Wednesday, 13 January 2010

Birthdays and battle lines

Happy New Year!

This year promises to be an interesting one scientifically, not least in that the venerable institution, the Royal Society, celebrates its 350th birthday which is being marked with a year of events and activities. To start this off, Radio 4 and Melvyn Bragg presented an incisive and in-depth 4-part history of the Society, from its early days in Wadham College here in Oxford when the language had no term for the scientist and instead "natural philosophers" discussed ideas and witness early (and sometimes strange and/or barbaric sounding) experiments, to its present inception.

An interesting counterpoint perhaps can be observed in the travails of another old scientific society, the Royal Institution, and the removal of Susan Greenfield as its director.

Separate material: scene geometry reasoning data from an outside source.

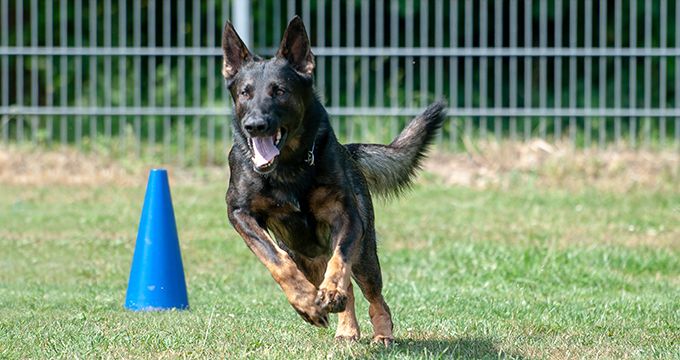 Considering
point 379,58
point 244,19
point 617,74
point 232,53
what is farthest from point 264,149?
point 617,74

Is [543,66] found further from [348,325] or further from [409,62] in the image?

Away from the politics that appears to be accompanying this, there is an interesting post by Mark Henderson in the Times Online questioning the need for scientific popularisers and mediators between journalists and the researchers themselves.

It is a viable question: does someone who makes a career of explaining science really still have time to conduct research and keep abreast of current developments in their own specialist fields? But equally, can a journalist stay on top of everything from stem cells to quarks and therefore be able to interrogate each new scientific finding without having some kind of expert mediation to suggest the types of questions to pose?